▶ _Exercise instructions_:
All of the entries should be restated word for word, but without their pictures.

(The records begins)

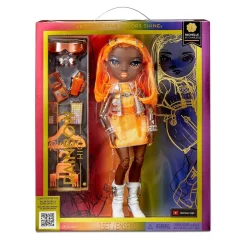 - Michelle St. Charles Muñecas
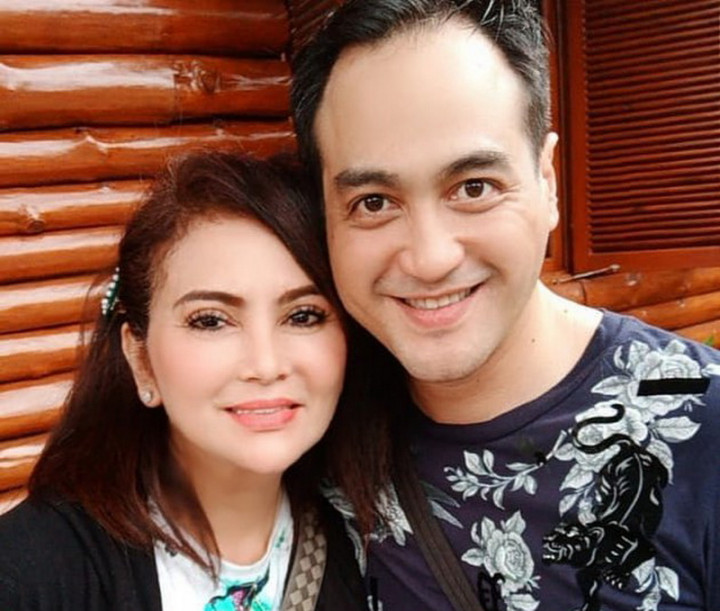 Ferry Irawan Tak Kuat Lihat Ibunya Terus Dihina Istri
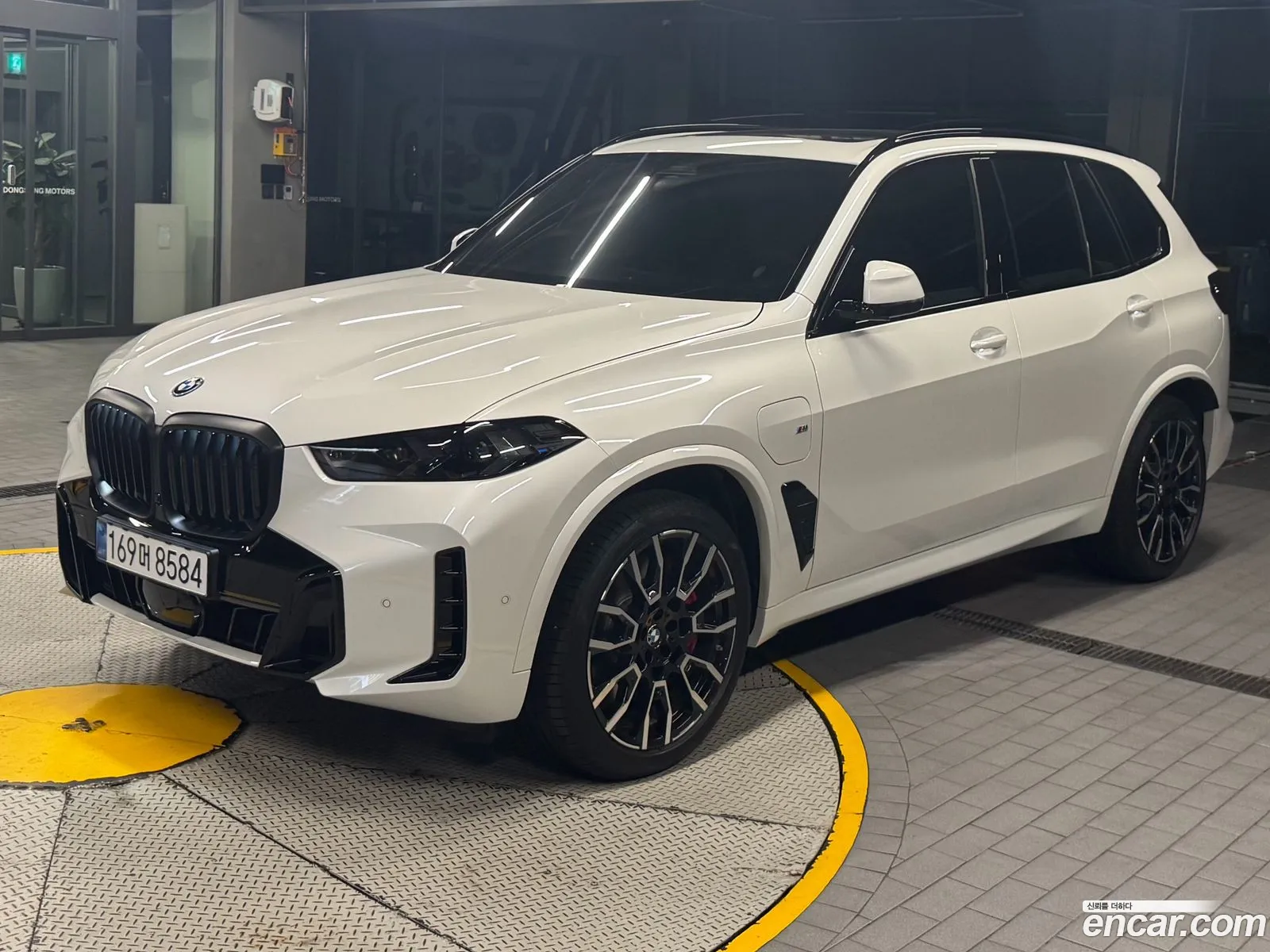 BMW X5 2025 — 7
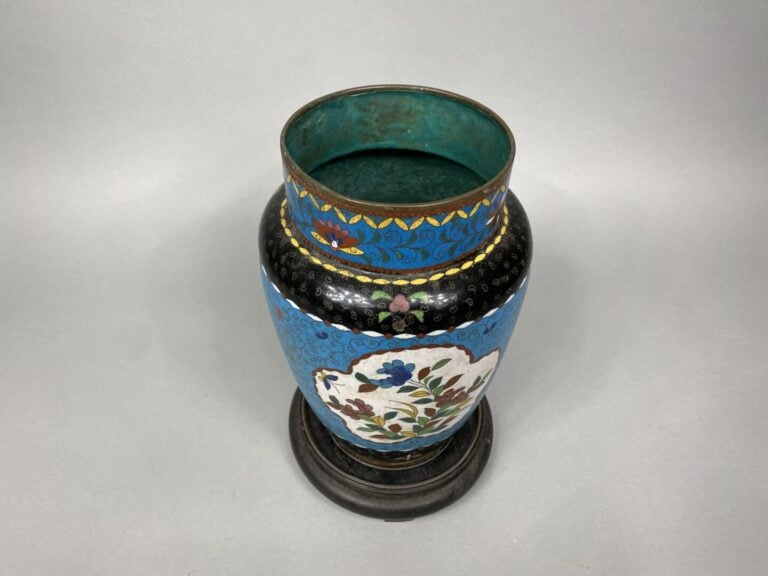 Japon - Vase balustre en émaux cloisonnés à décor en réserve d'oiseaux branchés…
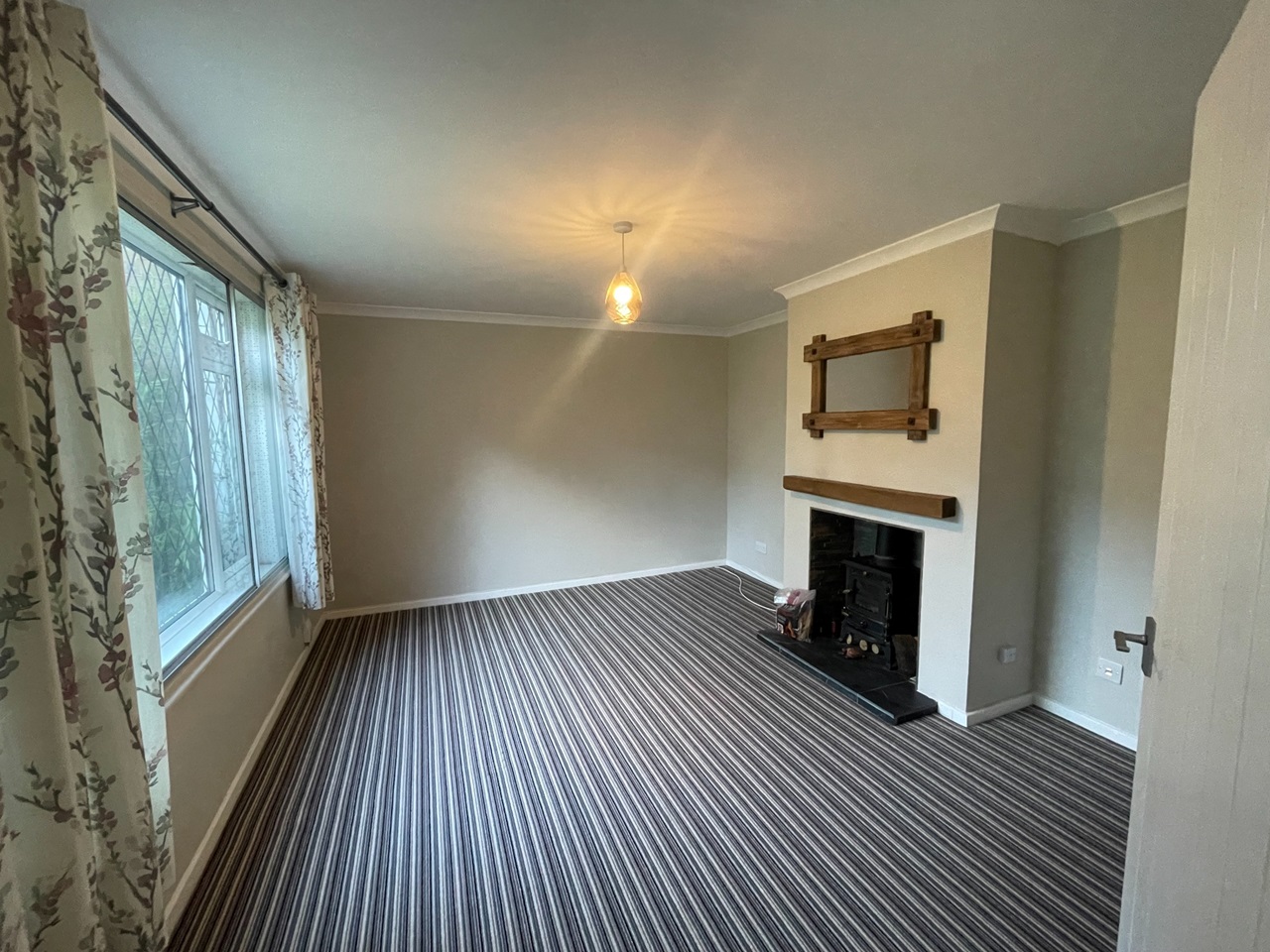 Bracknell 3 Bed SemiDetached House, Harmans Water Road, RG12 To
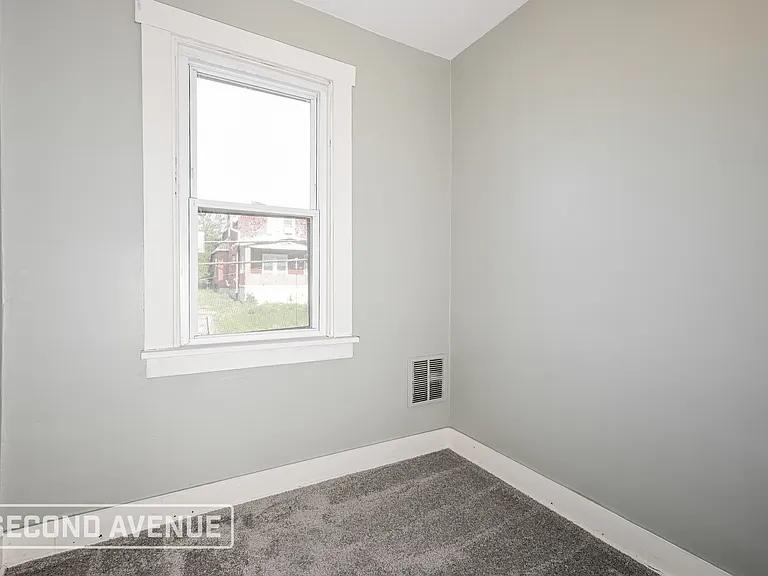 833 Vermont Ave — Photo 15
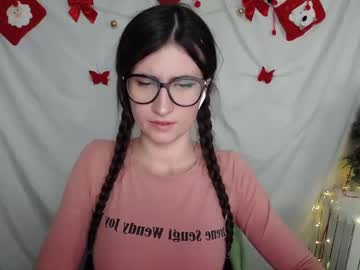 Lauradre_ Chaturbate stream image from December 20, 2024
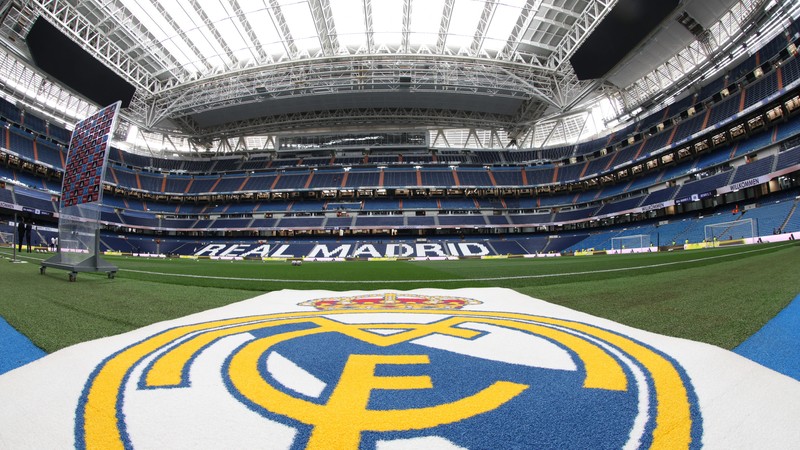 Tre lojtarë të rinj të Real Madridit arrestohen për video seksuale me të mitur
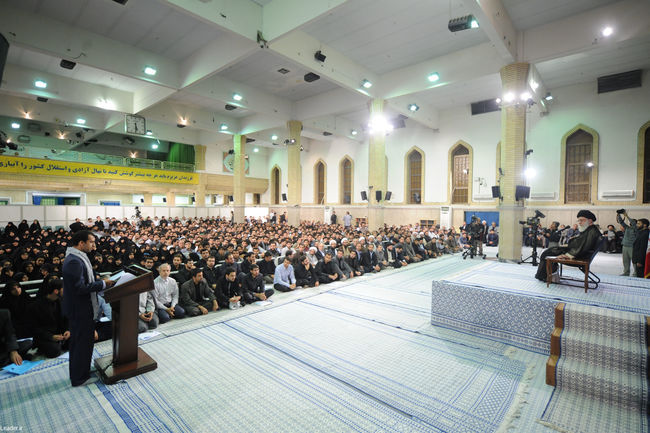 دیدار مقام معظم رهبری با دانشجویان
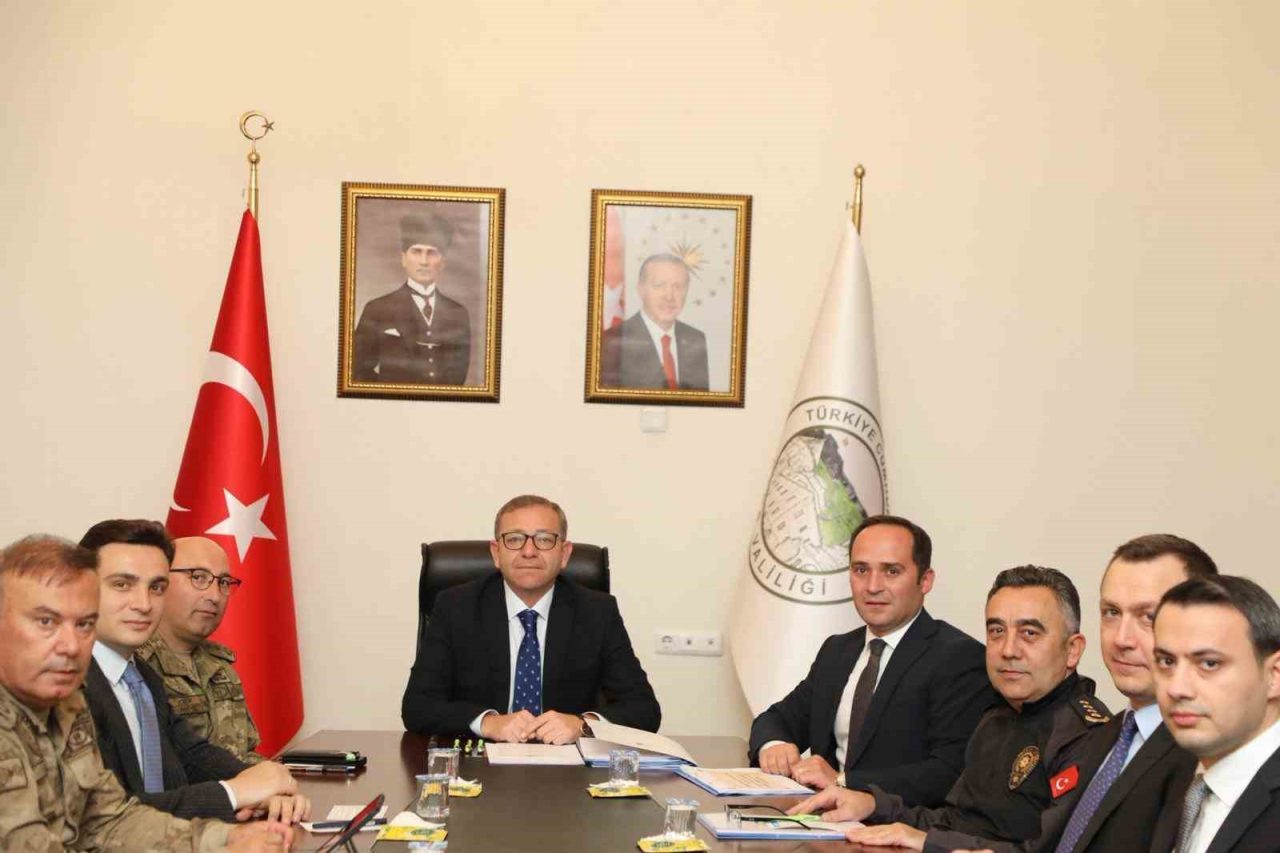 Kars’ta Vali Ziya Polat’ın başkanlığında; “İl Güvenlik ve Asayiş Koordinasyon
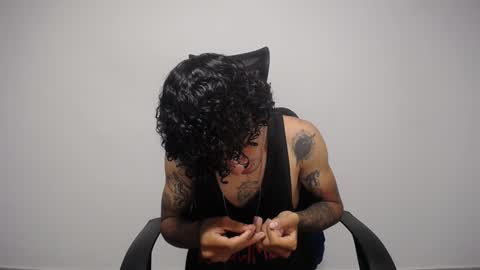 Snapshot of present_the_magic chatting on January 30, 2025, 2:49 am Plux online show from January 30, 2025, 2:49 am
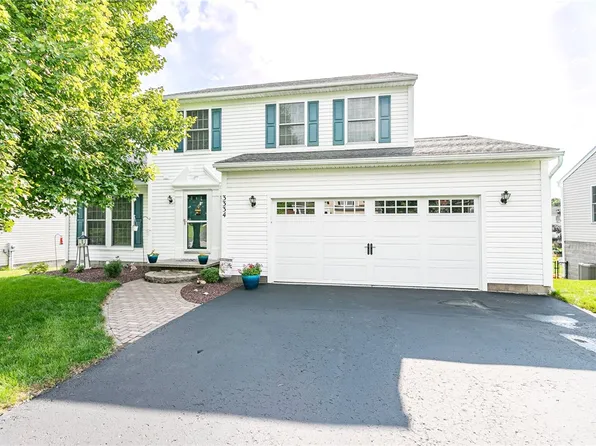 3334 Eagles Roost Ln, Macedon, NY 14502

(The records ends)

▶ _Result below_:
 - Michelle St. Charles Muñecas
 Ferry Irawan Tak Kuat Lihat Ibunya Terus Dihina Istri
 BMW X5 2025 — 7
 Japon - Vase balustre en émaux cloisonnés à décor en réserve d'oiseaux branchés…
 Bracknell 3 Bed SemiDetached House, Harmans Water Road, RG12 To
 833 Vermont Ave — Photo 15
 Lauradre_ Chaturbate stream image from December 20, 2024
 Tre lojtarë të rinj të Real Madridit arrestohen për video seksuale me të mitur
 دیدار مقام معظم رهبری با دانشجویان
 Kars’ta Vali Ziya Polat’ın başkanlığında; “İl Güvenlik ve Asayiş Koordinasyon
 Snapshot of present_the_magic chatting on January 30, 2025, 2:49 am Plux online show from January 30, 2025, 2:49 am
 3334 Eagles Roost Ln, Macedon, NY 14502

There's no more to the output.